The law states that when **two vectors (forces)** act on a particle at the same time **are represented** in magnitude and direction **by the two adjacent sides of a parallelogram** drawn from a point **their resultant vector is represented** by the **diagonal of the parallelogram** in magnitude and direction drawn from the same point.

As given in the above figure two forces #vecA and vecB#, inclined at angle #θ#, act on a particle simultaneously. Let these be represented in magnitude and direction by two adjacent sides #OP# and #PQ# of parallelogram drawn from origin #O# (other two sides omitted for simplicity).

According to parallelogram law of vectors, Magnitude and Direction of Resultant #vecR#, obtained by joining tail of #vecA# with tip of #vecB# is found as follows.

Let #vecR # make an angle #alpha# with #x# axis.

Draw perpendicular #QE# on #OP# extended. Considering only the scalar part of the vectors

1. In right #Delta# #QPE#

#PE=B cos theta#

#EQ=B sin theta#

2. In right #Delta# #OQE#

#OE=OP+PE=A+B cos theta#

#R^2=(A+B cos theta)^2+(B sin theta)^2#, using Pythagoras theorem.

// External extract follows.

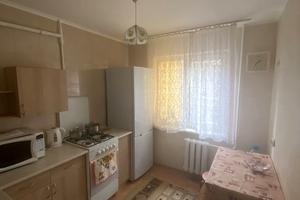 квартира за адресою Генерала Генадія Воробйова вул. (Курська), 20
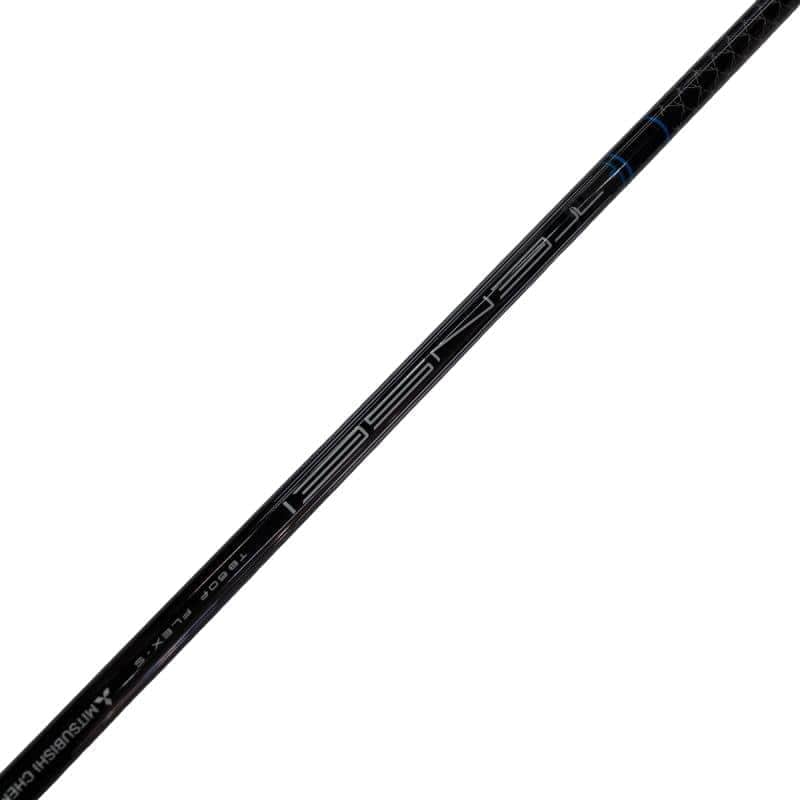 �q�l�w�@�u�c�i�Q�O�Q�S�j�@�T�v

#=>R^2=(A^2+B^2 cos^2 theta+2ABcos theta)+(B^2 sin^2 theta)#

#=>R^2=(A^2+B^2 (cos^2 theta+sin^2 theta)+2ABcos theta)#,

simplifying and taking square root of both sides we get

#R=sqrt(A^2+B^2 +2ABcos theta)#

3. #tan alpha=(QE)/(OE)=(B sin theta)/(A+B cos theta)#

#=>alpha=tan^-1 ( (B sin theta)/(A+B cos theta))#